Awesome
Perceptual hashing is a method to generate a hash of an image which allows multiple images to be compared by an index of similarity. You can find out more at The Hacker Factor and phash.org.
I've extended this basic method into a class which can also compare images which have been rotated or flipped (but only in 90 degree increments.) It can also match images which have been color corrected (to a degree) or altered. This flexibility, though, does lend itself to false positives and it's ridiculously slow - currently it takes about a second to hash and compare images -- in production you would want to generate a cache of hashes for existing images, perhaps, and then compare the hash of an image to the hashes.

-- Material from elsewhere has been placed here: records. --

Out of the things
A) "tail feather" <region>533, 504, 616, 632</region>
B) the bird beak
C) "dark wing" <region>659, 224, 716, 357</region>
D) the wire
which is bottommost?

PHasher is available under the MIT license.
###Usage###
include_once('phasher.class.php');
$I = PHasher::Instance();
yes. it's a singleton.
$I->HashImage($res, $rot=0, $mir=0, $size=8);
build a perceptual hash out of an image.
- $res is an image filename.
- $rot create the hash as if the image were rotated by this value. Default is 0, allowed values are 90, 180, 270.
- $mir create the hash as though the image were mirrored and/or flipped. Default value is 0, 1 is mirrored, 2 is flipped, 3 is both mirrored and flipped.
this is currently still buggy.
- $size the size of the thumbnail created from the original image - the hash will be the square of this (so a value of 8 will build a hash out of an 8x8 image, of 64 bits.)
This returns an array of binary values representing the perceptual hash. This is done as an array to make it easier to process.
$I->Compare($res1, $res2, $rot=0, $precision=1);
build perceptual hashes out of two images, compare them and return the similarity between them as a percentage.
- $res1 is an image filename.
- $res2 is another image filename.
- $rot create the hash as if the second image were rotated by this value. Default is 0, allowed values are 90, 180, 270.
- $precision return to this many decimal places. Default is 1.
$I->Detect($res1, $res2, $precision=1);
Compare two images through all rotations and return the highest match value.
$I->FastHashImage($res, $size=8);
Faster hashing method without any rotation. Returns the same array as HashImage.
$I->HashAsString($hash, $hex=true);
convert a hash array returned by one of the HashImage methods into a string of hex (if $hex == true) or binary (if $hex==false.)
$I->HashAsTable($hash, $size=8, $cellsize=10);
convert a hash array into an html table, with each cell being either white or black depending on its value. this is only being used for demos and debugging and should be avoided as being mostly useless and slow.
example usage
find a percentage of similarity between 'image1.jpg' and 'image2.jpg.'. Compare at 90 degree angles.
$I = PHasher::Instance();
$file1 = 'image1.jpg';
$file2 = 'image2.jpg';
$result = $I->Compare($file1, $file2);
$result90 = $I->Compare($file1, $file2, 90);
$result180 = $I->Compare($file1, $file2, 180);
$result270 = $I->Compare($file1, $file2, 270);
$max_match = max($result, $result90, $result180, $result270);
the above is the same as:
$I = PHasher::Instance();
$file1 = 'image1.jpg';
$file2 = 'image2.jpg';
$result = $I->Detect($file1, $file2);
notes
Sebastian Lasse of the Redaktor Project has built an implementation of phasher in javascript, using the dojo library, which is pretty cool.
I'm still trying to speed the algorithm up and improve the hashing, since it does on occasion produce false positives (it was originally meant to catch imagespam on forums and imageboards so it's as aggressive as it can be.) If anyone wants to add discrete cosine transform to this by all means make a pull request because I still don't know how to do it.